[DATA]
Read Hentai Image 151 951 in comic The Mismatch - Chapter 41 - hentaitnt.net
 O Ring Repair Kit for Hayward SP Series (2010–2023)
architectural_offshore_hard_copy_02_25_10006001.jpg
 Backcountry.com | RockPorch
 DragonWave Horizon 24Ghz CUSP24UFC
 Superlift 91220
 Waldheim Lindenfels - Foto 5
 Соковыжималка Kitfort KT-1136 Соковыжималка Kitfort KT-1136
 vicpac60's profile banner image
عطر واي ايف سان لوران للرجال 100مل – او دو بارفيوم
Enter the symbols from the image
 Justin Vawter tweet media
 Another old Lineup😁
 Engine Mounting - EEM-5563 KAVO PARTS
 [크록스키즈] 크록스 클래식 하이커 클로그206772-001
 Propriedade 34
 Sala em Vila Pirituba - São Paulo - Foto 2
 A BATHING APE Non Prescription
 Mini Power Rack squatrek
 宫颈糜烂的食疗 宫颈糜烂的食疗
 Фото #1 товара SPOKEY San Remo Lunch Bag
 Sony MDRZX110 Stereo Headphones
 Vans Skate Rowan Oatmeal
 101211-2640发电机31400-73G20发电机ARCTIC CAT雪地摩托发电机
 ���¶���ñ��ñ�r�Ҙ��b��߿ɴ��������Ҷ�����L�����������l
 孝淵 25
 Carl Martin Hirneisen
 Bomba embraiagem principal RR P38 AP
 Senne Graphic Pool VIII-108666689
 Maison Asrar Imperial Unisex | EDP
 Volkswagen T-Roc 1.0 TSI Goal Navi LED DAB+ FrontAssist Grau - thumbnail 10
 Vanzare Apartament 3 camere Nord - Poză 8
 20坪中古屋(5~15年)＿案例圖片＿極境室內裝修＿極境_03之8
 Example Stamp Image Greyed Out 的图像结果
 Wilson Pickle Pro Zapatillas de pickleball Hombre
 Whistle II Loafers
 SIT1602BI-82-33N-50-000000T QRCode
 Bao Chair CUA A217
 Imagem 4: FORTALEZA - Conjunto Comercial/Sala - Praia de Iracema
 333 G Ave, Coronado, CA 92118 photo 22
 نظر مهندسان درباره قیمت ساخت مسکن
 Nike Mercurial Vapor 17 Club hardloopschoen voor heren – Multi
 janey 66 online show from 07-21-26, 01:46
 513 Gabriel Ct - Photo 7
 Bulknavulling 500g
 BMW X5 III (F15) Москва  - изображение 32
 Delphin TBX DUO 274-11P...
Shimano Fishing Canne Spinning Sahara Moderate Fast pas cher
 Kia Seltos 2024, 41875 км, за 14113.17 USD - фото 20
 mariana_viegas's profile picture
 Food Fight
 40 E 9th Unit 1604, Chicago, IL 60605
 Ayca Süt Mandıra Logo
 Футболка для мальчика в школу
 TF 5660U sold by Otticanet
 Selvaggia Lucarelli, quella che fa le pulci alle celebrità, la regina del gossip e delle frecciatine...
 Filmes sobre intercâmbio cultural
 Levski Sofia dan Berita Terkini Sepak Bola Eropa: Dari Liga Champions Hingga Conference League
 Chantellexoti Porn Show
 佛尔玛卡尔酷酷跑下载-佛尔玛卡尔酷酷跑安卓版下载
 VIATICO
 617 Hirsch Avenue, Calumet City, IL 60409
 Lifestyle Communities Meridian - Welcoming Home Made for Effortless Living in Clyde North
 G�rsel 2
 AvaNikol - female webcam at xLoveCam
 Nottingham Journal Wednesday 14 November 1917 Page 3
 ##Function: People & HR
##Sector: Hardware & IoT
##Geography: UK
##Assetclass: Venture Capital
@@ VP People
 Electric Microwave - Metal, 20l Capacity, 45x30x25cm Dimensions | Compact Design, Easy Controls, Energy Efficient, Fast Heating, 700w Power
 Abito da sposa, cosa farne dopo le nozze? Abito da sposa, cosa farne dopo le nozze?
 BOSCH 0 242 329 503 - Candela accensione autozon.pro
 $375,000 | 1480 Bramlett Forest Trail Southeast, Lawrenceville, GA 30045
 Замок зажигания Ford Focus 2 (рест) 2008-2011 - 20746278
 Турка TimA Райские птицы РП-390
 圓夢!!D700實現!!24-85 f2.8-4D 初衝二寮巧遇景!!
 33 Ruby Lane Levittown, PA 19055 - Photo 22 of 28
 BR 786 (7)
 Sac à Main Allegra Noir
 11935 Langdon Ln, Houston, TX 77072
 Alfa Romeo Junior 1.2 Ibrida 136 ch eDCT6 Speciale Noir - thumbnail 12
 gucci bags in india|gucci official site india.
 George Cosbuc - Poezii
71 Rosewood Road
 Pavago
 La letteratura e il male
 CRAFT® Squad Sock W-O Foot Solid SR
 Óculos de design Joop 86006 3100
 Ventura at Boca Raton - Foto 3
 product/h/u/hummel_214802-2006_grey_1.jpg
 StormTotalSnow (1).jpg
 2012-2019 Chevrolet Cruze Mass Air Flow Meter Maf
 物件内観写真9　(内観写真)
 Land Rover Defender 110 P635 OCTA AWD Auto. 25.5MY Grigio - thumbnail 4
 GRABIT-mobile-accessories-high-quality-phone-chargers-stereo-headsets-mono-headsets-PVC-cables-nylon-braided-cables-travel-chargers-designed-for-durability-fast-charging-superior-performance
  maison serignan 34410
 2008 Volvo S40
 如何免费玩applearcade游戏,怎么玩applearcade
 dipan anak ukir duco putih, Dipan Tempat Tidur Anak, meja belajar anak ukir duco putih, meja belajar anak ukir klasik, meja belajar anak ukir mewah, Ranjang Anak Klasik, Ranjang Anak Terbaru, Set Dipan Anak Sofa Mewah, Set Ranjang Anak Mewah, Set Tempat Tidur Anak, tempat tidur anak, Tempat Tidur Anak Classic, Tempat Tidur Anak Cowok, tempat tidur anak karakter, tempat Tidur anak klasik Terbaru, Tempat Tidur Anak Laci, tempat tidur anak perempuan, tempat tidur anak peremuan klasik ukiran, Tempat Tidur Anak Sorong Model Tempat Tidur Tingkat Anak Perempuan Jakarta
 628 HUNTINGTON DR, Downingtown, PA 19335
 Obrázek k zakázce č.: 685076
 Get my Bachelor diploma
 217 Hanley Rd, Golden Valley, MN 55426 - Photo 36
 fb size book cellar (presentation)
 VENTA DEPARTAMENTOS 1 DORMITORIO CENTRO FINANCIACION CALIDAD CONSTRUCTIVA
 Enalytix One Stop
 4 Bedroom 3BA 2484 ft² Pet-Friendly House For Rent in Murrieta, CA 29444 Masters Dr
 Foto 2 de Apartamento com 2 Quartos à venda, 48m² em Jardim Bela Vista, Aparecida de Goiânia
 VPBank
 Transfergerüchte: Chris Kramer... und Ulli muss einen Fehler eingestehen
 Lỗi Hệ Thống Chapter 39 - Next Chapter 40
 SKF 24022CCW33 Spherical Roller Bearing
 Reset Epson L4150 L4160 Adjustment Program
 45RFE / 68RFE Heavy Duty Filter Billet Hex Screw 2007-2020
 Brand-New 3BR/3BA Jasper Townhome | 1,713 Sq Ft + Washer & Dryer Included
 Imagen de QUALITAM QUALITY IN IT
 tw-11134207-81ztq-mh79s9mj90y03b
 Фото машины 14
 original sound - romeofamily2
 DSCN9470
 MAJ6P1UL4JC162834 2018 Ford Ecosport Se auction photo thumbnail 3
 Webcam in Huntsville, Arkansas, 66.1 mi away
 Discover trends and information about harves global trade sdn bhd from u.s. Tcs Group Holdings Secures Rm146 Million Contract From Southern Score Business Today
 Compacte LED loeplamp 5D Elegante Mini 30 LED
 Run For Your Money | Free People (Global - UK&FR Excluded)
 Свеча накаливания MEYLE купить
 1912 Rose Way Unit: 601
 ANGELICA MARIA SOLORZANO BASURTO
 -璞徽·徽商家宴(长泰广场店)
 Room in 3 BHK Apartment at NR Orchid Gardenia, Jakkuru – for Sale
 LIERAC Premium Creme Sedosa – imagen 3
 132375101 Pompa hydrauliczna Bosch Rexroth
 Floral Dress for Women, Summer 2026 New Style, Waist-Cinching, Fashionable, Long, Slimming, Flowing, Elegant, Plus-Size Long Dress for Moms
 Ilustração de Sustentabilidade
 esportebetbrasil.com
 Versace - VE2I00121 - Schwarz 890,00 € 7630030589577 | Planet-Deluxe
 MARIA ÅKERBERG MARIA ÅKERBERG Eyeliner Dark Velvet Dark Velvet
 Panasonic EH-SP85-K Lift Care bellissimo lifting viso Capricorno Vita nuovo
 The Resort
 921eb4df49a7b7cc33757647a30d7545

[ASSIGNED TASK] Once you reach the line with "2012-2019 Chevrolet Cruze" in the data above, copy it and every line after it exactly, up to and including the line with "Land Rover Defender".

[RESPONSE BELOW]
 2012-2019 Chevrolet Cruze Mass Air Flow Meter Maf
 物件内観写真9　(内観写真)
 Land Rover Defender 110 P635 OCTA AWD Auto. 25.5MY Grigio - thumbnail 4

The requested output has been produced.